Here is what I did to fix the issue temporarily.
========
1) Logged into the MySQL pod corresponding to KFP and increased the length for group_concat-max_len system variable:
set GLOBAL group_concat_max_len=4194304;
2) Refreshed the Pipelines UI and navigated to a run that was not showing the metrics earlier. The run had 6 metrics associated with it. The UI now showed at-least 2 metrics based on the system variable update.
3) Logged back into the MySQL pod and reset the length for group_concat_max_len to its earlier value of 1024.
I am interested in exploring potential fixes for this bug and assign it to myself. What is the best practice in KFP development to set DB level config information? I was thinking of setting it here: https://github.com/kubeflow/pipelines/blob/23993486c5c6c13a238587f7af48f5f73c9919f7/backend/src/apiserver/client/sql.go#L30
What do you think?
https://github.com/kubeflow/pipelines/blob/master/backend/src/apiserver/client/sql.go stores the mysql connection configuration.
And, generally the DB configurations is stored in https://github.com/kubeflow/pipelines/blob/master/backend/src/apiserver/config/config.json and accessed via viper.
Could you add it here instead?
@jingzhang36 @IronPan FYI
@gaoning777 ,
Thanks. One more thing: How do I build and test KFP from source?
Please follow https://github.com/kubeflow/pipelines/tree/master/backend for API backend image build and use the Standalone Deployment https://github.com/kubeflow/pipelines/tree/master/manifests/kustomize to deploy the new image for fast local testing.
/cc @IronPan The DB truncation issue strikes again.
Hi @krajasek, are you still working on the fix? If you have some PRs that need review, Ning and I can help. Thanks!
Hi @krajasek, are you still working on the fix? If you have some PRs that need review, Ning and I can help. Thanks!

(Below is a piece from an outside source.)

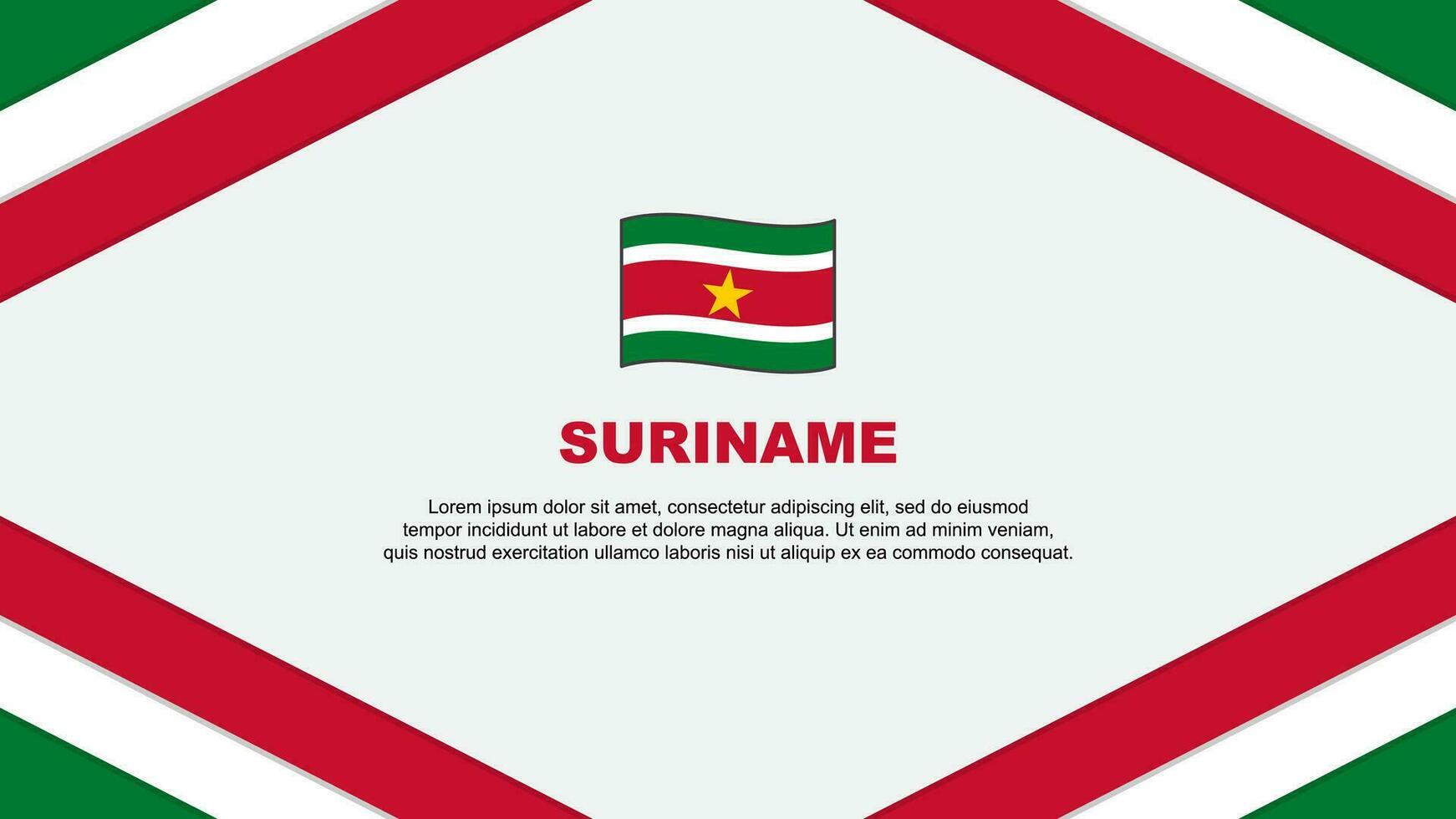 Suriname vlag abstract achtergrond ontwerp sjabloon. Suriname onafhankelijkheid dag banier tekenfilm vector illustratie. Suriname sjabloon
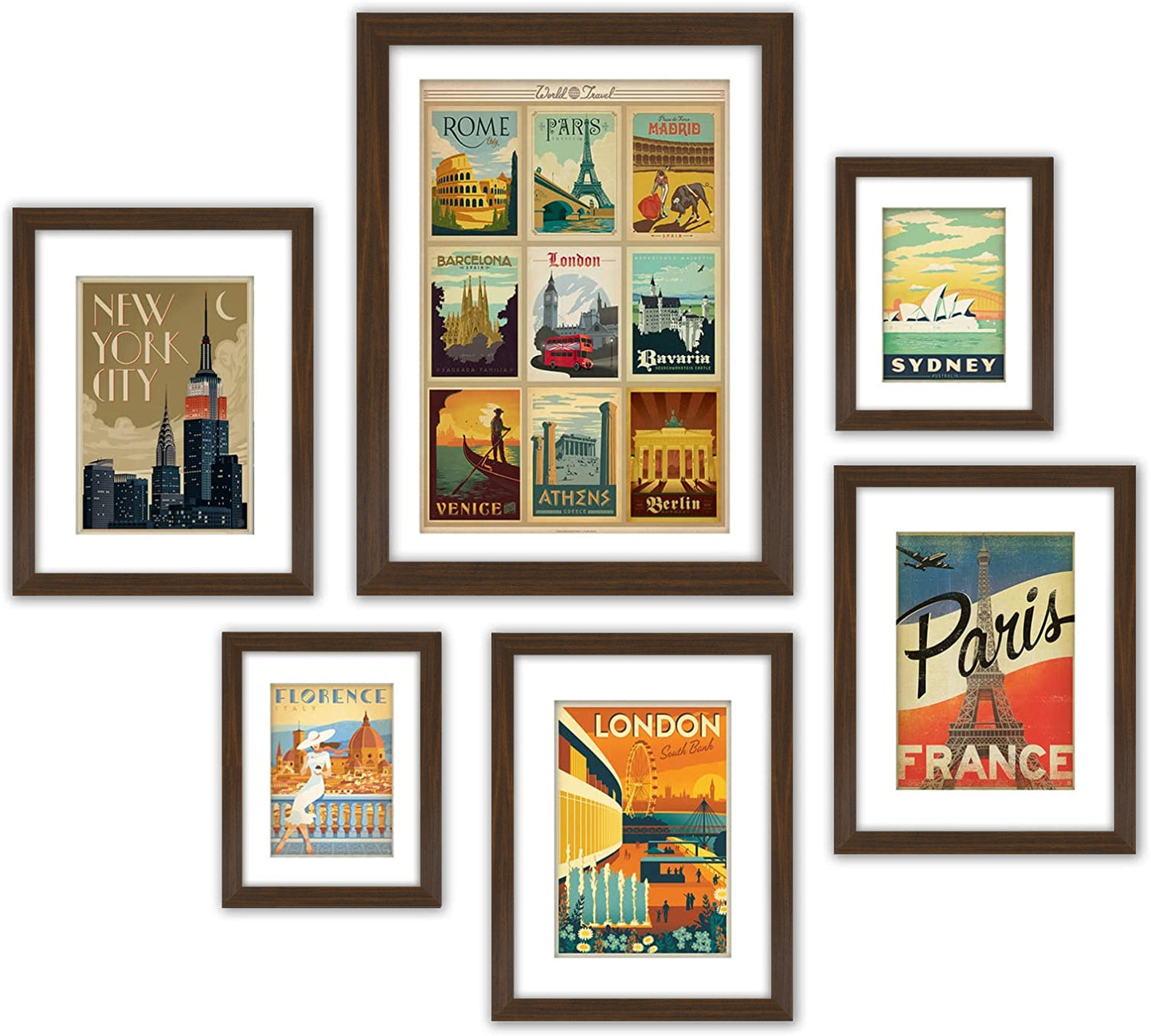 Black and White World Cities by Anderson Design Group - 6 Piece Framed Gallery Wall Set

Hi @jingzhang36 , Sorry, did not get a chance to work on it last week. I am on it this week and will submit a PR by the end of this week.

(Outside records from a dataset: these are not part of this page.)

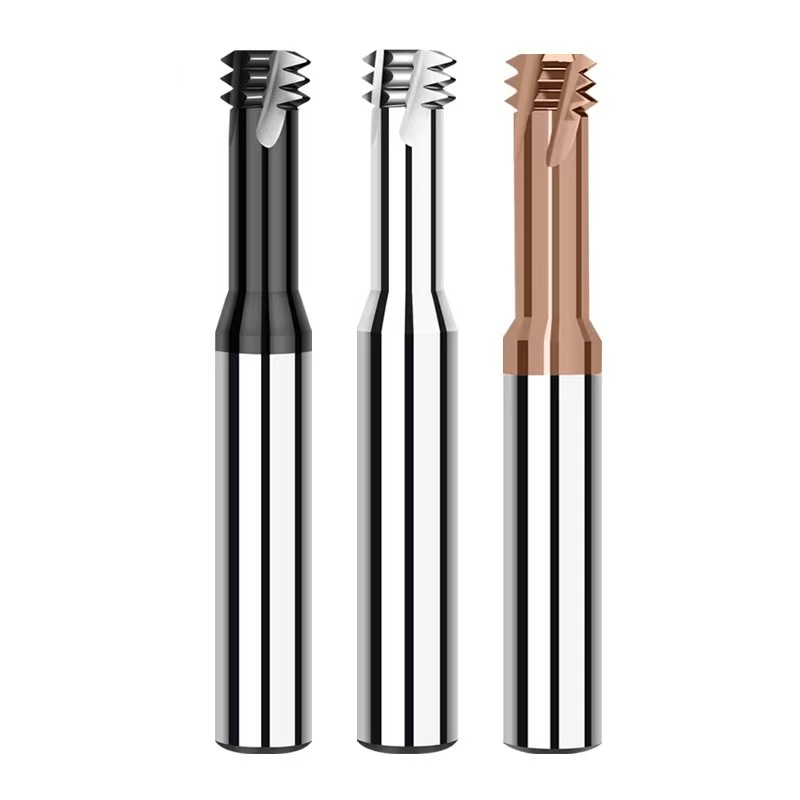 HRC60 Single Third Full Teeth Solid Carbide Thread Milling Cutter Spiral Groove and Threaded End Mill Tool with AITiN Coating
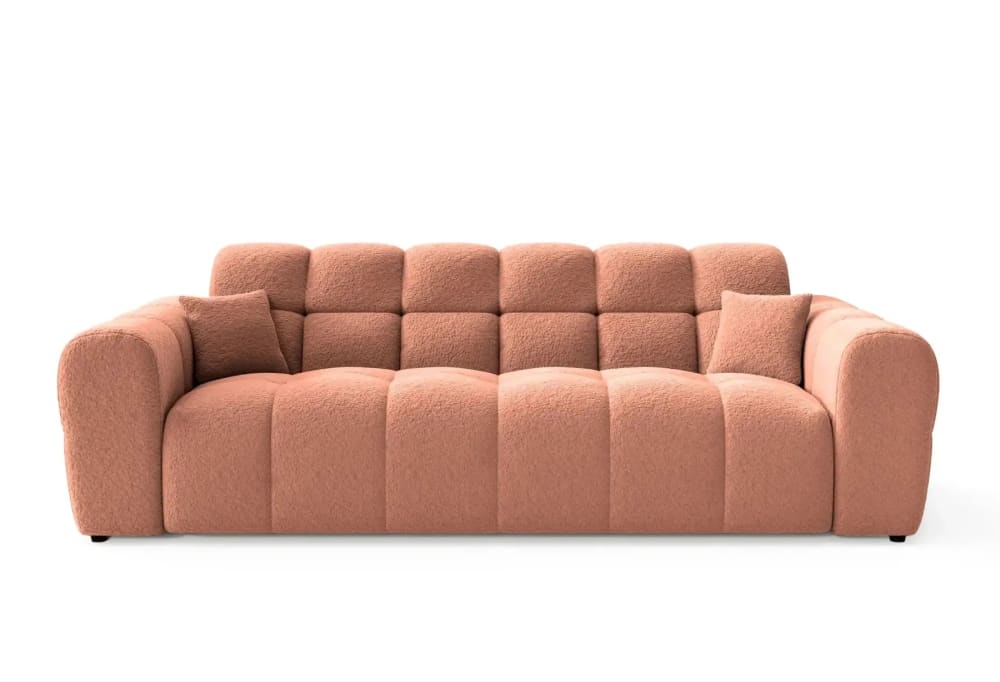 Canapé droit tissu bouclette 3 places Terracotta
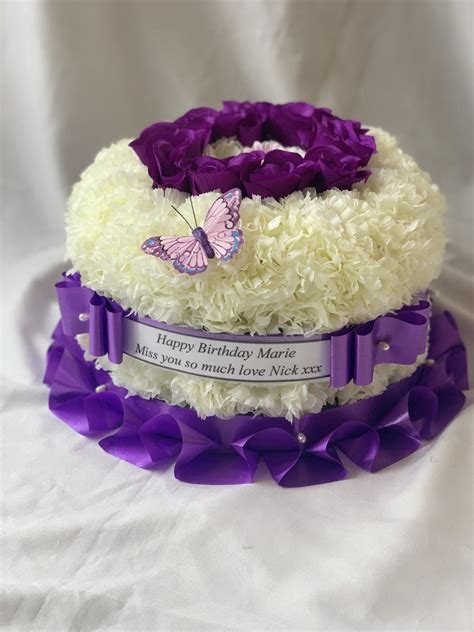 Birthday Cake Memorial Flowers Silky Bouquets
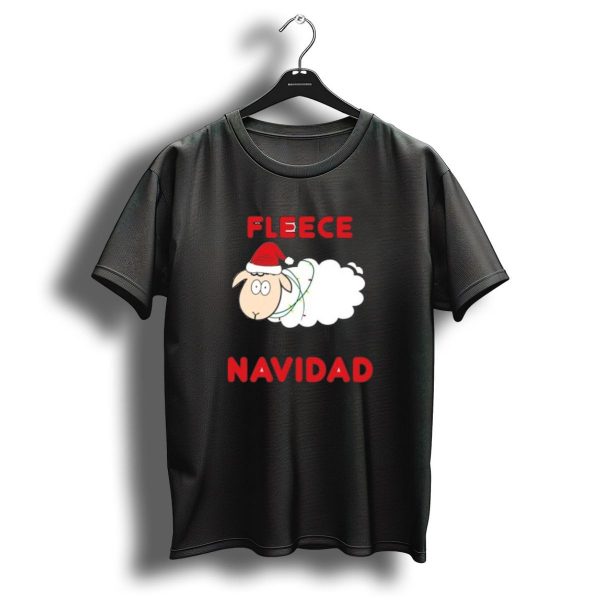 Fleece Navidad Christmas Sheep With Santa Hat And Festive Lights T Shirt 1 t shirt 1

@jingzhang36 , @gaoning777 - I just submitted a PR #2497 for review. Thanks.
Is there a way to fix this in 0.7? I'm basically hitting the same issue.
Also: There seems to be a limit to the decimal places that is shown in the UI. Is this intended?

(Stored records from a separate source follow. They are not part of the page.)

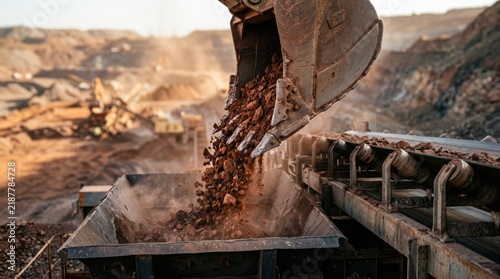 Excavator bucket tipping rust-red ore into a crusher hopper at a mining site, with chipped steel teeth, dust, and conveyor rollers.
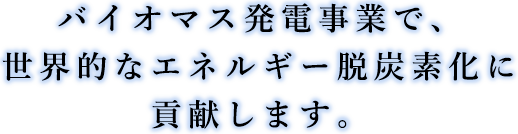 バイオマス発電事業で、世界的なエネルギー脱炭素化に貢献します。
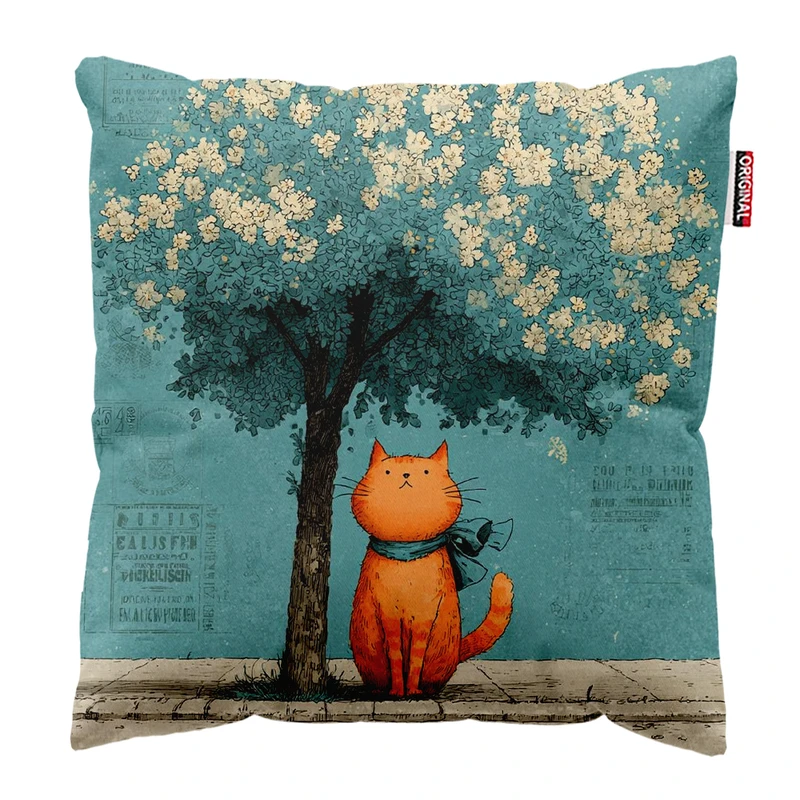 کوسن پاد آفرین مدل گربه کیوت بامزه فانتزی کد PK302086 سایز 30*30 سانتی متر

Is there a way to fix this in 0.7? I'm basically hitting the same issue.
Also: There seems to be a limit to the decimal places that is shown in the UI. Is this intended?
My 2 cents on a temporary DIY fix for your use case:
1) sh into to the MySQL k8s pod (kubeflow namespace)
2) Get into mysql shell
3) Run the following command:
set GLOBAL group_concat_max_len=4194304
4) Exit the mysql shell and pod
5) Refresh the pipelines UI to see if the metrics show up
Few caveats:
Is this solved since #2497 has been merged?